**WORK TO BE COMPLETED:**
As the answer, set down the lines below from the one containing "ANTICO TAVOLO SALOTTO" through the one containing "美國國旗 星旗印花高羊毛針織衫", exactly and inclusively, and no others.

· · · · · · ·

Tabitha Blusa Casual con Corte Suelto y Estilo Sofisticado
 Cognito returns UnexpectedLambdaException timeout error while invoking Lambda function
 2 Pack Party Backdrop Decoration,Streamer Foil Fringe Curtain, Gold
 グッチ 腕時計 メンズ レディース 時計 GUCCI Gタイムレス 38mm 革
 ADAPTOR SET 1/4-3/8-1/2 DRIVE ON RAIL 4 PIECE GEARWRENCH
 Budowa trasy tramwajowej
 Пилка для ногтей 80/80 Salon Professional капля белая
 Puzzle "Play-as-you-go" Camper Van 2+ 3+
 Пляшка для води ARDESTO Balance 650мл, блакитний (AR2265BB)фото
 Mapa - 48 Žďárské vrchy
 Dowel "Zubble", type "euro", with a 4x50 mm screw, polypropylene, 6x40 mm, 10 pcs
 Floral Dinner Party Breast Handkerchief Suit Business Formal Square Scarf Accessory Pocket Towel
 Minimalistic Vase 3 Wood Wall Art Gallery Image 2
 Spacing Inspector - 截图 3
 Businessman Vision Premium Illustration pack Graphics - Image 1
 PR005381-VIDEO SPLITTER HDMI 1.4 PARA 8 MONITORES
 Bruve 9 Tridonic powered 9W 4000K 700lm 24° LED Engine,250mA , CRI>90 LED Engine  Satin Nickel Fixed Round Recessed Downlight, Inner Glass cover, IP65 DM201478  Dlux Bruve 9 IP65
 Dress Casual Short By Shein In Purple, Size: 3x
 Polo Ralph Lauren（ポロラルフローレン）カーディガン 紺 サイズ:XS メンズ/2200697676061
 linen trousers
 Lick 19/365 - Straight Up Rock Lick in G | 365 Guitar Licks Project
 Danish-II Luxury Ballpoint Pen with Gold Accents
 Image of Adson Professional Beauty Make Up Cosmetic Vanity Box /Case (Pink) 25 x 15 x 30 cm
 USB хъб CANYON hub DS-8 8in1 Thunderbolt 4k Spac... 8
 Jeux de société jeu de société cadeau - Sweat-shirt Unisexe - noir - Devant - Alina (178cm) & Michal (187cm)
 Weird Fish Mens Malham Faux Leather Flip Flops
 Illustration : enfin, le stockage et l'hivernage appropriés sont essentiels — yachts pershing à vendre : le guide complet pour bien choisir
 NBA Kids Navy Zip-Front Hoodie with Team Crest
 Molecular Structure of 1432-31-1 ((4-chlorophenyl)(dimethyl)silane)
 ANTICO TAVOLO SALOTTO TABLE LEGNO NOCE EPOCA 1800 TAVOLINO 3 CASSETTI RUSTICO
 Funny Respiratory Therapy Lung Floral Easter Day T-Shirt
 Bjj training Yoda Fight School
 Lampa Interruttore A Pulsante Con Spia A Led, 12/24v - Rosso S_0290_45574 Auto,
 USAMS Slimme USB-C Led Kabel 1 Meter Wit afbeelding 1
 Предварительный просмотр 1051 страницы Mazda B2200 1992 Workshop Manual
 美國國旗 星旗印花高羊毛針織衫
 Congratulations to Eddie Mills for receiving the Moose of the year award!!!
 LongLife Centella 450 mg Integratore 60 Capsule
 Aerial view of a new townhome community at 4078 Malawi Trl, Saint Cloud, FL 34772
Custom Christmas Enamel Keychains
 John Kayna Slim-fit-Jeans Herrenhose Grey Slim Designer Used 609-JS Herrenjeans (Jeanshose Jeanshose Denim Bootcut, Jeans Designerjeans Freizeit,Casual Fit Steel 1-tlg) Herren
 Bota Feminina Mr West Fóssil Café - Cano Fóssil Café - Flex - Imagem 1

· · · · · · ·

**SOLUTION TO THIS EXERCISE:**
 ANTICO TAVOLO SALOTTO TABLE LEGNO NOCE EPOCA 1800 TAVOLINO 3 CASSETTI RUSTICO
 Funny Respiratory Therapy Lung Floral Easter Day T-Shirt
 Bjj training Yoda Fight School
 Lampa Interruttore A Pulsante Con Spia A Led, 12/24v - Rosso S_0290_45574 Auto,
 USAMS Slimme USB-C Led Kabel 1 Meter Wit afbeelding 1
 Предварительный просмотр 1051 страницы Mazda B2200 1992 Workshop Manual
 美國國旗 星旗印花高羊毛針織衫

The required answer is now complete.